**Task to carry out**
The lines needed run from the one that contains "Astrid Flare Pants - Black/combo" through the end of the material below, both included; write them out exactly, with no pictures.

**Given entries**
+ + +

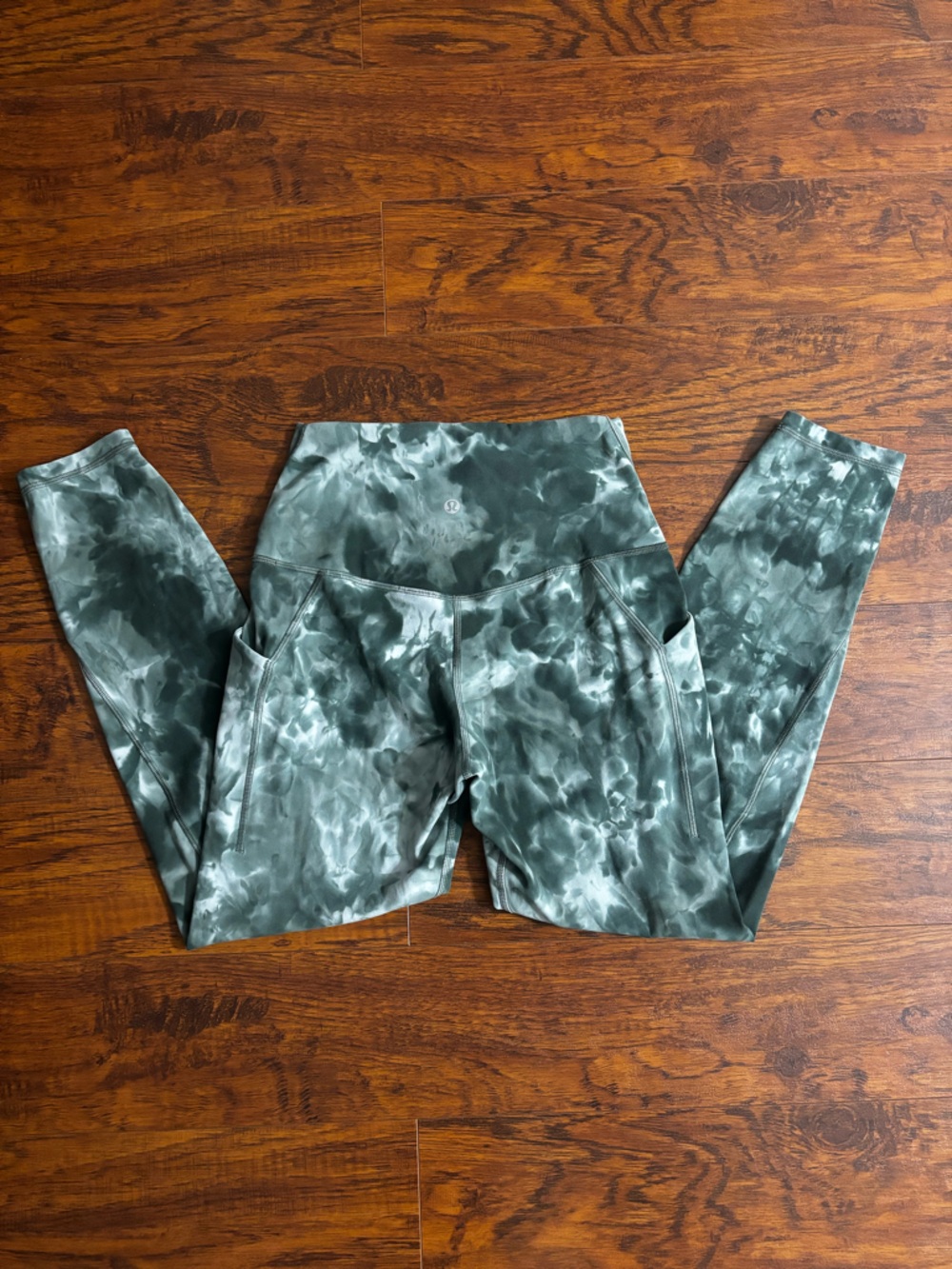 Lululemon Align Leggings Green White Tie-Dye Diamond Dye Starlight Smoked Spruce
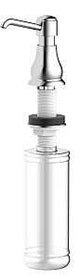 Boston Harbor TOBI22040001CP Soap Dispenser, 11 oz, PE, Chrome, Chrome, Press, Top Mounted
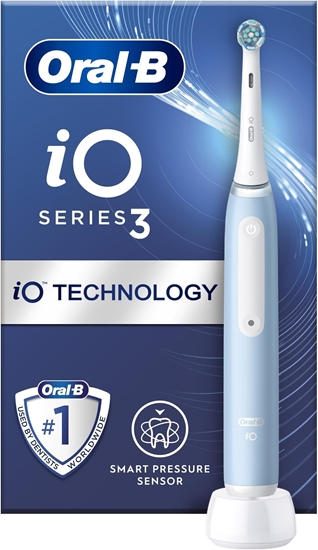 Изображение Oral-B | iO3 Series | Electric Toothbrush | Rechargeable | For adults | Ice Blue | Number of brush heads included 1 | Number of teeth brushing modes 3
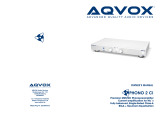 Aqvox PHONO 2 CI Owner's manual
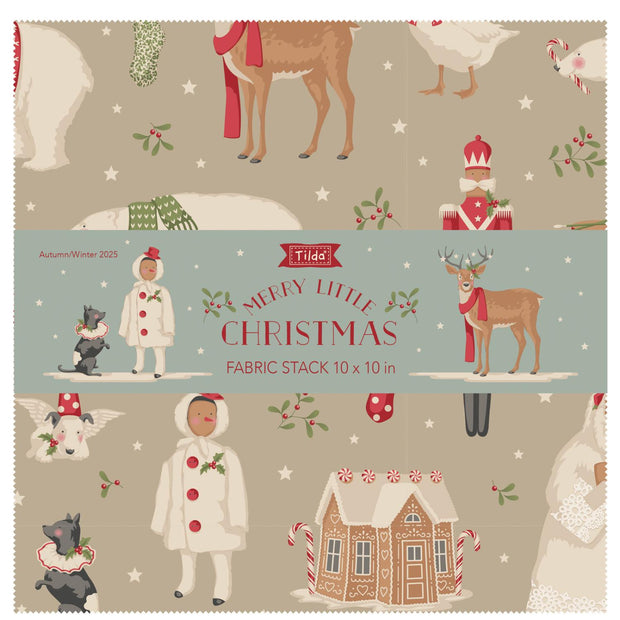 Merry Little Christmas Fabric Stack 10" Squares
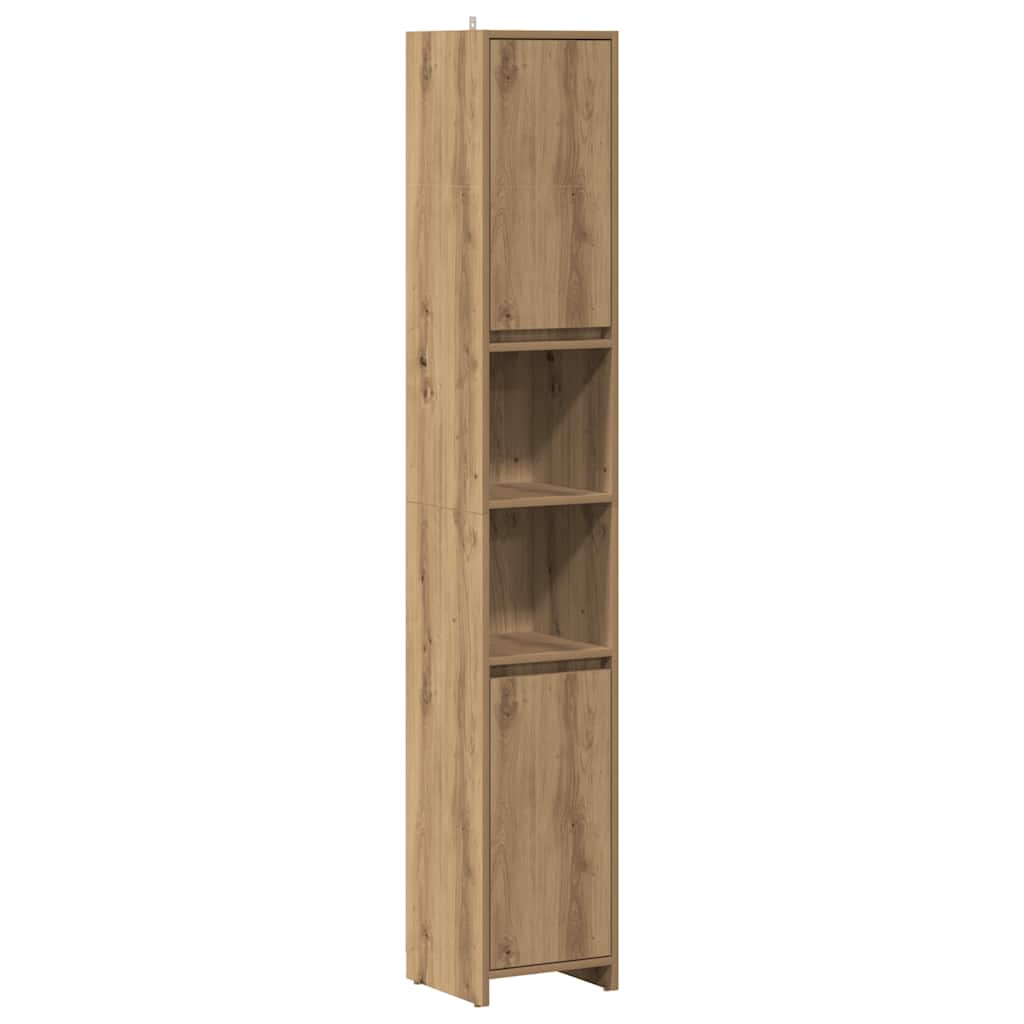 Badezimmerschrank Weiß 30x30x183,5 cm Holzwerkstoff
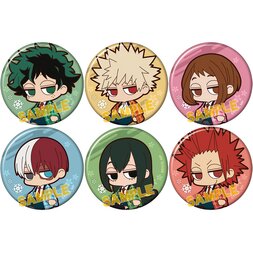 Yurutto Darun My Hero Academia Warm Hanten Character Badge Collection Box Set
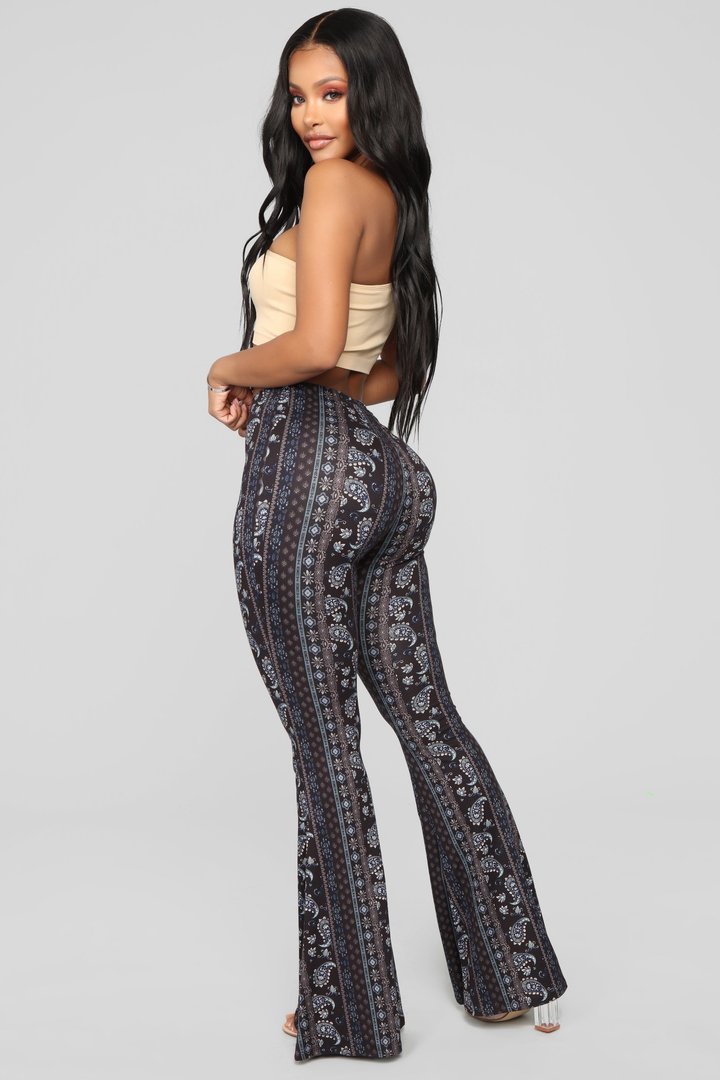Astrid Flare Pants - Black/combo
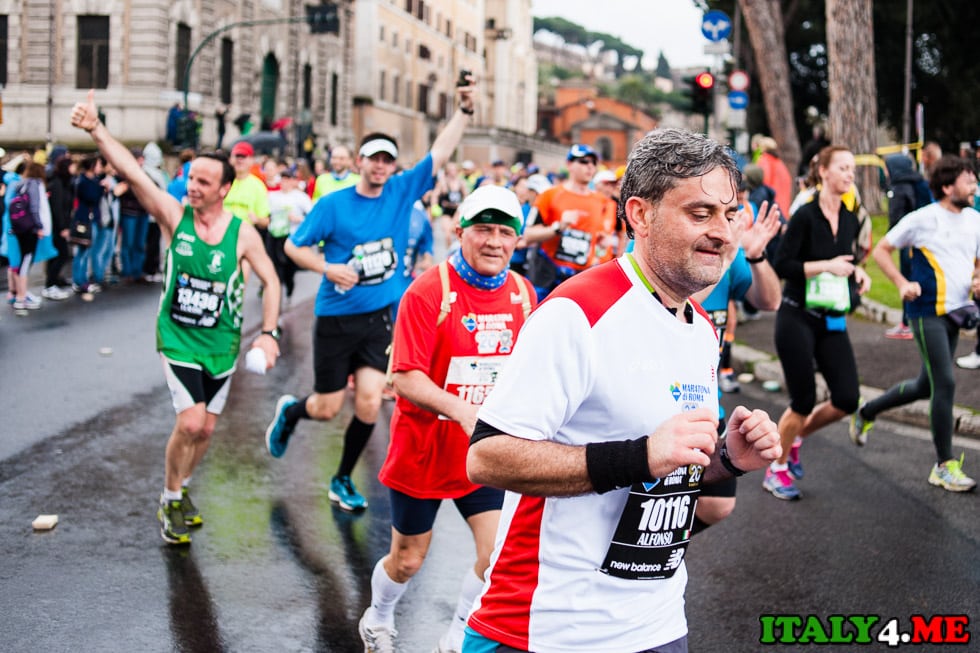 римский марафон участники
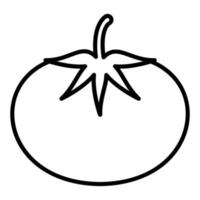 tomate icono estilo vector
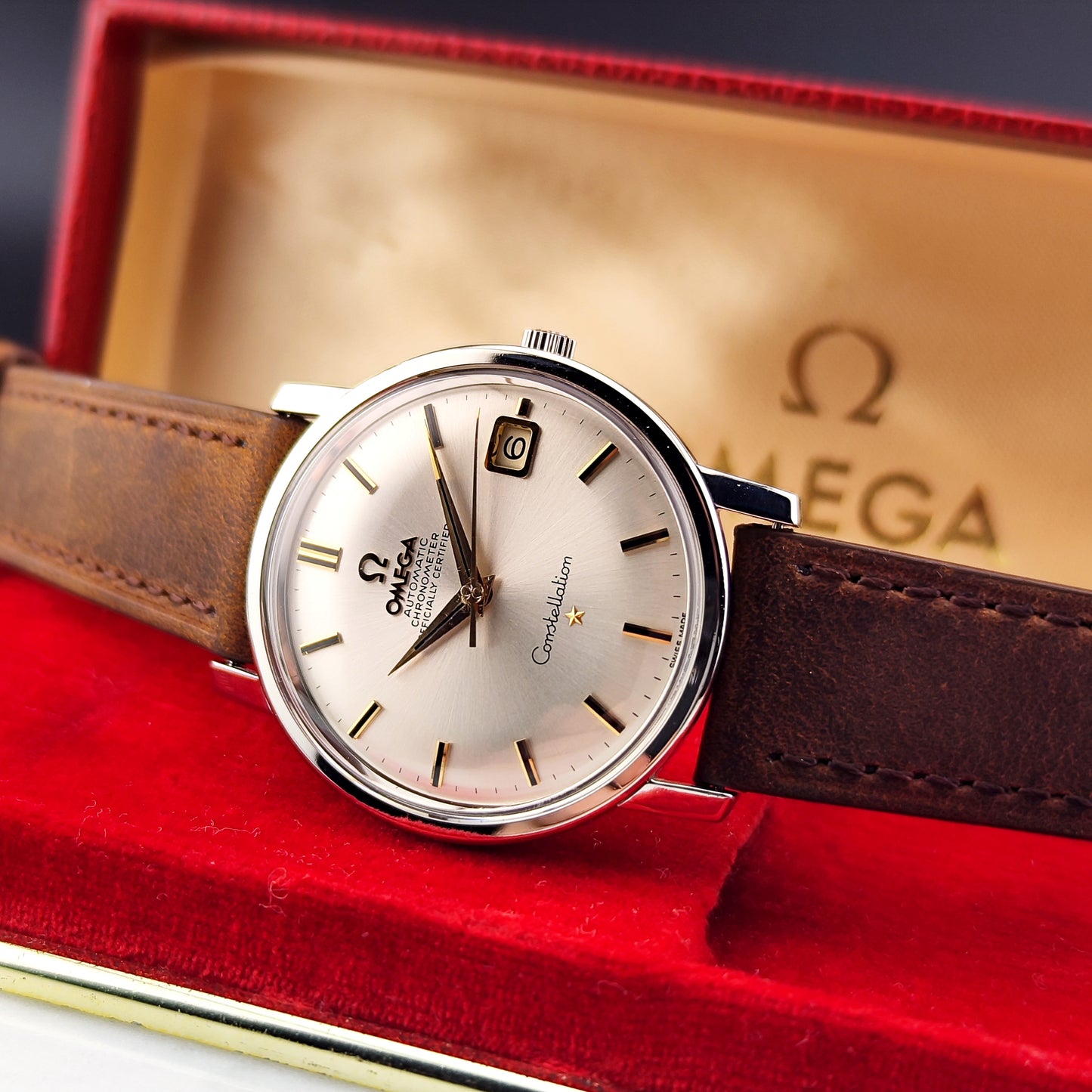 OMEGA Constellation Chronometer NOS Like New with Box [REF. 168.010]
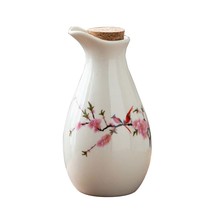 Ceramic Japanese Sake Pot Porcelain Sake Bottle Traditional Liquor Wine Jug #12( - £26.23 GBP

+ + +

**Answer below**
Astrid Flare Pants - Black/combo
 римский марафон участники
 tomate icono estilo vector
 OMEGA Constellation Chronometer NOS Like New with Box [REF. 168.010]
 Ceramic Japanese Sake Pot Porcelain Sake Bottle Traditional Liquor Wine Jug #12( - £26.23 GBP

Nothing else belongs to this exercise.